Welcher Geist hat den Maschinen den Boden bereitet? Wie hängen Weltbilder und Technologie zusammen? Wie weit können und wollen wir die Technik treiben? Wo endet die Maschine, wo beginnt der Mensch? Auf dem Rundgang verweben sich Licht, Video, Klang und performative Szenen zu einem sinnlichen Geschichts-Erlebnis: Fabrikarbeiter:innen machen sich ans Werk. Eiserne Titanen geben den Takt an. Und Archimedes, der Urvater wissenschaftlich-technischen Denkens, staunt und sinniert über seine Zeit hinaus. Dabei verschmelzen nicht nur die Grenzen zwischen Vergangenheit und Gegenwart, sondern auch zwischen Fantasie und Realität. Das Projekt entstand in einem transdisziplinären, künstlerischen und partizipativen Prozess. Historische und technikphilosophische Recherchen, biografische Erlebnisse des Betriebsteams und der Mitwirkenden wurden vom künstlerischen Kernteam zu einem multimedialen Gesamterlebnis verwoben.

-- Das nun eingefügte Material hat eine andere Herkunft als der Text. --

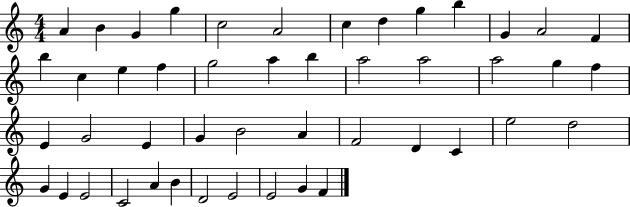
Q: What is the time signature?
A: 4/4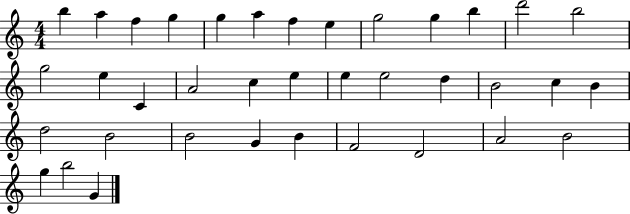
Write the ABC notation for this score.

X:1
T:Untitled
M:4/4
L:1/4
K:C
b a f g g a f e g2 g b d'2 b2 g2 e C A2 c e e e2 d B2 c B d2 B2 B2 G B F2 D2 A2 B2 g b2 G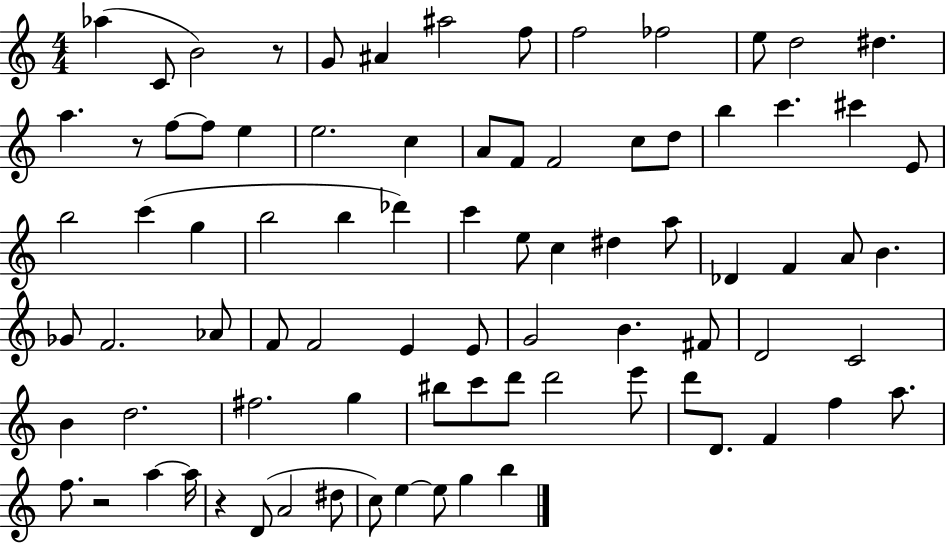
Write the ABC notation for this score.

«Technik. technikós. téchne. Technik steht für Kunst, für Handwerk, für die Kunstfertigkeit des Denkens und Tuns. Geist und Hand – sie verbinden sich.»
«Wissenschaft entdeckt – Industrie wendet an – Mensch passt sich an.»
«Wir formen unsere Werkzeuge und Maschinen. Und danach formen unsere Werkzeuge und Maschinen uns. Wird es gar dereinst so sein, dass die Maschinen selbst dem Menschen seinen Platz zuweisen?»
«Was bedeutet es, Mensch zu sein, einfach nur Mensch zu sein?»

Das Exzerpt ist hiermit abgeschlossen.